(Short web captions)
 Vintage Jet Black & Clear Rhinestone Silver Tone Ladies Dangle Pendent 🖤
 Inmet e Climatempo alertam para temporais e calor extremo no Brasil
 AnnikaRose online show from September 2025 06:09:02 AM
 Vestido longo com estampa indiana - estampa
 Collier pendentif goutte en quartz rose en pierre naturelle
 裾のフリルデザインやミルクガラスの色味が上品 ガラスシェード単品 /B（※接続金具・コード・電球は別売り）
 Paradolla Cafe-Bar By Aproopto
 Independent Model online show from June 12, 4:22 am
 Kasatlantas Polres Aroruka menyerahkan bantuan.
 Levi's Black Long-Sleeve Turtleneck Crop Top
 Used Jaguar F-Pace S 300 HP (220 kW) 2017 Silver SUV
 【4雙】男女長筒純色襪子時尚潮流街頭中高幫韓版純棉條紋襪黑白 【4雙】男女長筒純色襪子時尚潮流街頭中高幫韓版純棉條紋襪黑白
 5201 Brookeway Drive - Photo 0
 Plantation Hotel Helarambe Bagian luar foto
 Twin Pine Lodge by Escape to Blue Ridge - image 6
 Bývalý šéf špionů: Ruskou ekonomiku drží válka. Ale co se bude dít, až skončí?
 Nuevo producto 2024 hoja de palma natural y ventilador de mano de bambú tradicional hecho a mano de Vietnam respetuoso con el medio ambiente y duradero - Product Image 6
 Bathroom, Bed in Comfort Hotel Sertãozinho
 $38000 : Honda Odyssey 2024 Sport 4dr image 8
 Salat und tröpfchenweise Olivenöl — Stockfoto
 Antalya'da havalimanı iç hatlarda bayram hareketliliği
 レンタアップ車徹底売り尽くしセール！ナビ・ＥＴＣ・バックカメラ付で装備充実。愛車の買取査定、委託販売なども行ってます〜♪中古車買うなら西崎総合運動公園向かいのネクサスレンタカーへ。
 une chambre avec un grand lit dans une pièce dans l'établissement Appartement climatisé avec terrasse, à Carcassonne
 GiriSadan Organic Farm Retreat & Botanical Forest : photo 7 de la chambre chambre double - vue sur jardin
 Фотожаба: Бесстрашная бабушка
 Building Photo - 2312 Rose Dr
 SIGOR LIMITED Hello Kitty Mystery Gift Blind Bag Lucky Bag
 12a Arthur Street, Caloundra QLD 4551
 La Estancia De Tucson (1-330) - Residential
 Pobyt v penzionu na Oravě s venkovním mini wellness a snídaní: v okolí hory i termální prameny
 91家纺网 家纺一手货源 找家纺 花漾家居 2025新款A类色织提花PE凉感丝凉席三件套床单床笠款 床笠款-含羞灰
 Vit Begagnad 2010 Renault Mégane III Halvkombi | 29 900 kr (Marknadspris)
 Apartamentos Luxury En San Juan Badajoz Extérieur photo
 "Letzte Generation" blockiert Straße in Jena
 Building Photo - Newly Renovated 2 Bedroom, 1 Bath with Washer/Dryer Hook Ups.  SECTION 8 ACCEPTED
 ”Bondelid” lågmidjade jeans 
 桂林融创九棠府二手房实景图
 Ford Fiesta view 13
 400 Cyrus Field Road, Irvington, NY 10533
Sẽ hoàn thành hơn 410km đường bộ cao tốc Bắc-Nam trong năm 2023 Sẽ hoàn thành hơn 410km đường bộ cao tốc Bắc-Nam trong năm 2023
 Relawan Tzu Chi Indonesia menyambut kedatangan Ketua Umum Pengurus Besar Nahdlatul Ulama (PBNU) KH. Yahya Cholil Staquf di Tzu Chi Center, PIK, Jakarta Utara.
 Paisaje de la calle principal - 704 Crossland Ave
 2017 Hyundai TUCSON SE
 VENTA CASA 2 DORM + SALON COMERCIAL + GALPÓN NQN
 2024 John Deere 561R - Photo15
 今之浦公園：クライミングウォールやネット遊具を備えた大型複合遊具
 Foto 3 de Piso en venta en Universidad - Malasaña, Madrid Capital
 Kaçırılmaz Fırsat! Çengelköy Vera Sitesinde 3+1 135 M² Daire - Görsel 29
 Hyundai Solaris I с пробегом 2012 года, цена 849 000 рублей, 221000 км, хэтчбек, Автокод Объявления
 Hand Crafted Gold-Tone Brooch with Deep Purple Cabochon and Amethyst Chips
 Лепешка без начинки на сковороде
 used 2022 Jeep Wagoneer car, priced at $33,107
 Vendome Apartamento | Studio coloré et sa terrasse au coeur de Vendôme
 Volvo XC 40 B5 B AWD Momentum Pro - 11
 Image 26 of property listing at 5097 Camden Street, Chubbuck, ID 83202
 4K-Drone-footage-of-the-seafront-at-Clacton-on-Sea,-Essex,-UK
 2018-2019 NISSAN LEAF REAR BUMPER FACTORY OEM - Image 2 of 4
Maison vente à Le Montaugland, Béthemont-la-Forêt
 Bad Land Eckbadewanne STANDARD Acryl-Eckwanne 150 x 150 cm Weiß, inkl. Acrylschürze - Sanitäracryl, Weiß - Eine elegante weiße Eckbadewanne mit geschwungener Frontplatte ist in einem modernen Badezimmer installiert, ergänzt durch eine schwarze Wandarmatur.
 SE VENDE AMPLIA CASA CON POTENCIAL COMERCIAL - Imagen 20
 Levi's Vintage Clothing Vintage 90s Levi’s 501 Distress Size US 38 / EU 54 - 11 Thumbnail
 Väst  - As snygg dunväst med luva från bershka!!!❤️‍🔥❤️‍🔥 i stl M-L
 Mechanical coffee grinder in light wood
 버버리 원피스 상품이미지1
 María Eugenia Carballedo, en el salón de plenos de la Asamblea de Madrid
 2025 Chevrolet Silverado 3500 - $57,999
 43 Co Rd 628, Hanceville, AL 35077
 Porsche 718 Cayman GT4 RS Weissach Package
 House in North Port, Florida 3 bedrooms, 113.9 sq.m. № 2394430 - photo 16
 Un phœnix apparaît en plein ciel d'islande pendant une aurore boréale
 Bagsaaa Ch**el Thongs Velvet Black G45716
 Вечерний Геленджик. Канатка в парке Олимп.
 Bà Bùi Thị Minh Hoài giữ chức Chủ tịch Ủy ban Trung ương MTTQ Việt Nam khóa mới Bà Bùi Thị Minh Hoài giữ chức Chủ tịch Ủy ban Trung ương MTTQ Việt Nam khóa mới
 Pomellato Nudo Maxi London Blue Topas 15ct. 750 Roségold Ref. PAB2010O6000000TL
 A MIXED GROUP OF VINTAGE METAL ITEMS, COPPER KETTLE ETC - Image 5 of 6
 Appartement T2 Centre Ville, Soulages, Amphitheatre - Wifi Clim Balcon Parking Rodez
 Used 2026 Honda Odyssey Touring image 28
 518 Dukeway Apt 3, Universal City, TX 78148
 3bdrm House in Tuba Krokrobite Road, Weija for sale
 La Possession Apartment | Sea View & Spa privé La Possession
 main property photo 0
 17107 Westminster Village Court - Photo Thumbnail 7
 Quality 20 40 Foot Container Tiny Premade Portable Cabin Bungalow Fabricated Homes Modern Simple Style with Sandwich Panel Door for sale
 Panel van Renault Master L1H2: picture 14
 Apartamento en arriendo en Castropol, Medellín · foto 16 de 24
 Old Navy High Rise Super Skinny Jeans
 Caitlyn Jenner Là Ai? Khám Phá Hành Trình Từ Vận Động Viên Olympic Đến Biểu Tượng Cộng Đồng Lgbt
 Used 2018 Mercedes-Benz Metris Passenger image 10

[PROBLEM TO WORK ON]: Starting with the line that holds "Hyundai Solaris I" and ending with the line that holds "Maison vente à", retype every line in the data above exactly, and nothing else.

[SOLUTION BELOW]:
 Hyundai Solaris I с пробегом 2012 года, цена 849 000 рублей, 221000 км, хэтчбек, Автокод Объявления
 Hand Crafted Gold-Tone Brooch with Deep Purple Cabochon and Amethyst Chips
 Лепешка без начинки на сковороде
 used 2022 Jeep Wagoneer car, priced at $33,107
 Vendome Apartamento | Studio coloré et sa terrasse au coeur de Vendôme
 Volvo XC 40 B5 B AWD Momentum Pro - 11
 Image 26 of property listing at 5097 Camden Street, Chubbuck, ID 83202
 4K-Drone-footage-of-the-seafront-at-Clacton-on-Sea,-Essex,-UK
 2018-2019 NISSAN LEAF REAR BUMPER FACTORY OEM - Image 2 of 4
Maison vente à Le Montaugland, Béthemont-la-Forêt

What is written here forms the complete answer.